Communicating During Nonprofit Leadership Transitions
By Robin L. Cabral
Nonprofits undergoing a leadership change need to proactively communicate the change to key stakeholders, including donors and funders, to forestall potential unrest and ensure a smooth transition.
The following will help.
Communicate the resignation and the new appointment promptly
Given real-time information sharing via social media, it is crucial to proactively communicate the change after a board meeting approving the resignation and endorsing the replacement, before key audiences hear about it elsewhere. The form of communication depends on the audience and also the forum, but may entail the following:
Staff: Notify all staff via email or in-person meeting.
Administrators: In-person, one-by-one, if possible. Personal phone call, only if in-person visit is not doable, such as due to geographic constraints.
Other directors: Email.
Database list (if this exists): Notify all constituents in the database via email distribution. Segment out donors at different tiers for more personal communication, based on best business practices, as follows:
Major donors and VIPs: In-person visit or phone call, with follow-up email.
Mid-level donors/other important constituents: Personal mailed letter signed by resigning leader to be sent to donors and other special contacts.
All other donors and constituents: Email blast”.
Social media: All social media posts (e.g., Facebook, Twitter, LinkedIn, etc.) should be made directly after important individuals are notified. Internal personnel and major donors should have received the update, call, or visit before a message is posted. But, it is important to address social media quickly afterwards as word will spread swiftly.
Volunteers: A tiered strategy should be approached, depending on the level of volunteer engagement.
Primary volunteers: Personal phone call or in-person visit.
General volunteer level: Posted notice on premises and mailed letter.
Event commitments: For events already booked, reach out personally via the appropriately deemed means of communication to confirm who will attend the event (e.g., the resigning or the new leader.) It is best to be proactive about these potential calendar changes as questions will arise once the announcement has been made.
Crafting appropriate messaging for the above communications
Determine the most appropriate individual for the communication. The person transitioning out may make the most sense for donors, but this can also depend on timing. The board chair can also send out communications, if appropriate. Although, sometimes that might not work if it has not been an amicable split. An interim executive director or someone else in a role crucial to the transition might also make sense.

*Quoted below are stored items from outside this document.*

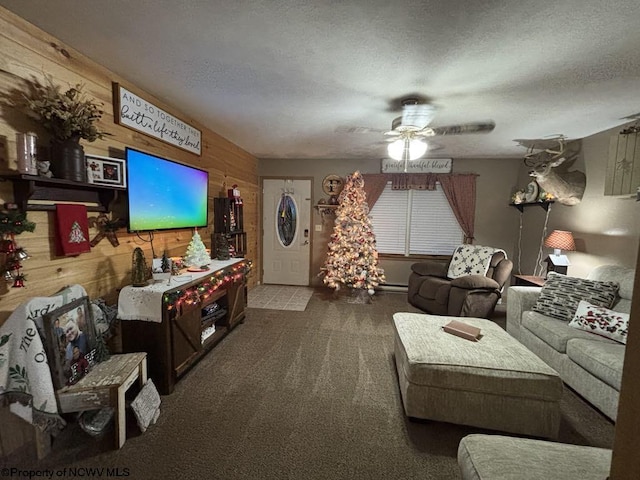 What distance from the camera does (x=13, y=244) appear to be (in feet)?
4.79

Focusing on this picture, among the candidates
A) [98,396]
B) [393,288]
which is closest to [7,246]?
[98,396]

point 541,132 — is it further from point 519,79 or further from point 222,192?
point 222,192

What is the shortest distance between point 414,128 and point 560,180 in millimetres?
2232

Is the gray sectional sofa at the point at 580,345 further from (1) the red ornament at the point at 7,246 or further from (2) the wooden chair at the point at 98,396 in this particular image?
(1) the red ornament at the point at 7,246

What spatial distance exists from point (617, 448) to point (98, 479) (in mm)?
2087

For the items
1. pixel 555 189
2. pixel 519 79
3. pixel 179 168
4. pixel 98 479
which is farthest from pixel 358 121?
pixel 98 479

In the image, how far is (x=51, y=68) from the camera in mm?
1672

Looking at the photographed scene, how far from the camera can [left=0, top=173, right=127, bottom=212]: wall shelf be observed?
58.5 inches

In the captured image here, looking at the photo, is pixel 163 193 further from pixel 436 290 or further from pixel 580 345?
pixel 580 345

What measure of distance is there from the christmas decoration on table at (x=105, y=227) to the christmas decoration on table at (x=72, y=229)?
16 cm

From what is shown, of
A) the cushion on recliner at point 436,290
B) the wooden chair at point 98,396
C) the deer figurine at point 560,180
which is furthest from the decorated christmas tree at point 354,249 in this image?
the wooden chair at point 98,396

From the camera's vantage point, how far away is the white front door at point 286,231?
512 cm

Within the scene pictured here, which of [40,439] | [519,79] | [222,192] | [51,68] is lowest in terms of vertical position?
[40,439]

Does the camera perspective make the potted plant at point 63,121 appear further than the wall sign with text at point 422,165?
No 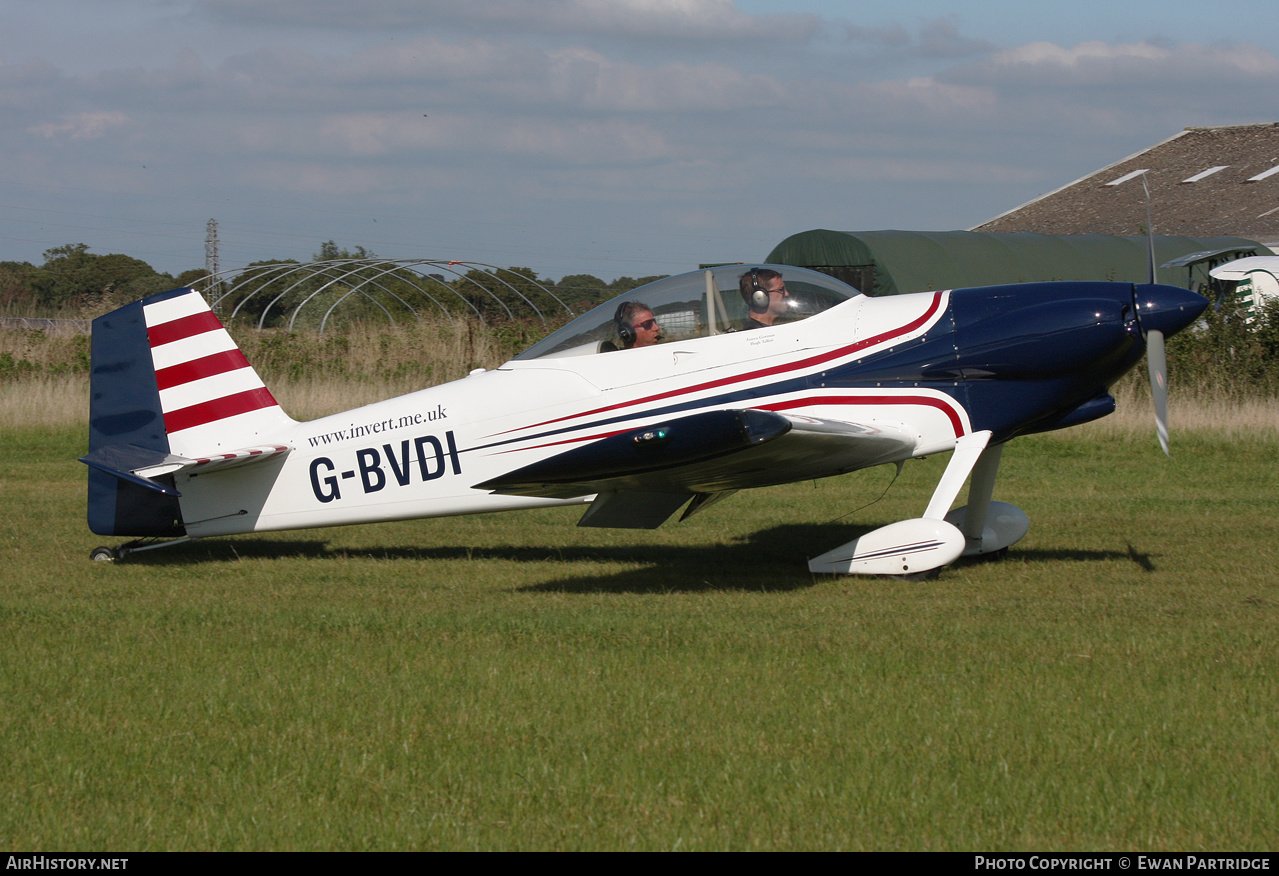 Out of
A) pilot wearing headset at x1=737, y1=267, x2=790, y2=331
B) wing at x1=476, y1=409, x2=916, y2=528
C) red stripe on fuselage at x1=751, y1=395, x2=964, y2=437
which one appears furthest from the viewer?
pilot wearing headset at x1=737, y1=267, x2=790, y2=331

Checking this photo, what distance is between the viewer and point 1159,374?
718 centimetres

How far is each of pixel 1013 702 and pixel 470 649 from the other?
257 centimetres

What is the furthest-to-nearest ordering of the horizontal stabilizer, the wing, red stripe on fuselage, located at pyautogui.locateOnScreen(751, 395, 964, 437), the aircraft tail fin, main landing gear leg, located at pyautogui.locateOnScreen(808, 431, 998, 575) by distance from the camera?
the aircraft tail fin → the horizontal stabilizer → red stripe on fuselage, located at pyautogui.locateOnScreen(751, 395, 964, 437) → main landing gear leg, located at pyautogui.locateOnScreen(808, 431, 998, 575) → the wing

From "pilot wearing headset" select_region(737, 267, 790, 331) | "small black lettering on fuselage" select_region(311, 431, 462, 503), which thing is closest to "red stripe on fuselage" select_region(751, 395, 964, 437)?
"pilot wearing headset" select_region(737, 267, 790, 331)

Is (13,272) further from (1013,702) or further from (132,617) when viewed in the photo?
(1013,702)

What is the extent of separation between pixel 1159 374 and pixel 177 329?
6858 mm

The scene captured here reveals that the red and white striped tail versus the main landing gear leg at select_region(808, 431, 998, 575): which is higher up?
the red and white striped tail

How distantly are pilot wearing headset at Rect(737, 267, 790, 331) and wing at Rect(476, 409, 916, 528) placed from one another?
2.53ft

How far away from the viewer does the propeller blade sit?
7004 millimetres

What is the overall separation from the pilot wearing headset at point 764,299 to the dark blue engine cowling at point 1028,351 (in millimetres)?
536

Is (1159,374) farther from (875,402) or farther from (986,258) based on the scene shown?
(986,258)

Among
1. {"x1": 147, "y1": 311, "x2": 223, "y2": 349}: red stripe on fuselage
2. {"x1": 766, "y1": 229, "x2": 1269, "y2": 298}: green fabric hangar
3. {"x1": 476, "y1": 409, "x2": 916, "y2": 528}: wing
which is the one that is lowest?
{"x1": 476, "y1": 409, "x2": 916, "y2": 528}: wing

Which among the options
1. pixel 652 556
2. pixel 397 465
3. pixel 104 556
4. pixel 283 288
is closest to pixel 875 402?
pixel 652 556

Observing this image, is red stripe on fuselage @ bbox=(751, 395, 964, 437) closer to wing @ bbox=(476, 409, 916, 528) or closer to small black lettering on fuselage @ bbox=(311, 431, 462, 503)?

Some considerations to include for the creation of the messaging and the process include:
Develop talking points to provide to staff for communications with visitors and callers to ensure message consistency.
Provide staff with distributed communications, such as the press release, and advise them to also refer constituents to the website, newsletter, or other relevant materials with information about the announcement.
Create a Frequently Asked Questions (FAQs) document for all staff to use for reference.
Create a Who to Call” list as a staff tool to determine where to connect certain calls. For example, media calls might be directed to an interim director whereas donor calls may be to a development person.
Major donors and VIPs: It is very important that these individuals receive the news personally and not through the press or rumors. As noted above, a direct phone call should occur, with a follow-up email. But, for those situations where an individual cannot be reached by telephone, a voicemail should be recorded letting them know there is an announcement and that an email will follow.
Social media and web posting: Social media and web postings should include comments about the new appointment, including pictures and a press release.
Establish a timeline calendar for the remaining transition process
The following rough outline is recommended:
Phase I communications: Immediately in process, within same month of decision, with some being more urgent than others. For example, staff, administrators, major donors, and social media must be acted upon immediately.
Phase II communications: Minimum of 30 days following initial announcement.
Phase III communications: Day 1 of new appointment, and throughout following few months.
Phase II communications: Announce the change in leadership
Before the change in position occurs, a more formal acknowledgment should be made thanking the resigning leader for their service. As noted above, consider who is best suited to communicate, e.g., board chair, interim executive director, etc. The messaging should contain the following:
Details of the board meeting date and the decision agreeing with the change in leadership.
When the leader will resign and confirm board approval.
Thank the resigning leader for their service.
Outline specific accomplishments of the leader during his/her tenure.
Include a quote by the outgoing leader to the constituents.
Farewell events will also need to be in the planning stages by this phase and communicated to relevant attendees.
Phase III communications: Reiterate the change and thank former leader
The messaging should focus on the new leader:
Outline the credentials of the incoming leader and include a bio, photo, and social media links.
Highlight relevant experience of the successor.
Include a quote from another leader in the organization about the outgoing leader and/or the arriving leader.
Lay out the transition plan to demonstrate how the outgoing and incoming leaders will coordinate to ensure a smooth transition. Include the timing and dates of when the succession of events and leadership change will occur.
Use the opportunity to reiterate the nonprofit's mission and vision.
Include contact information for questions, such as telephone number, website, and/or email address.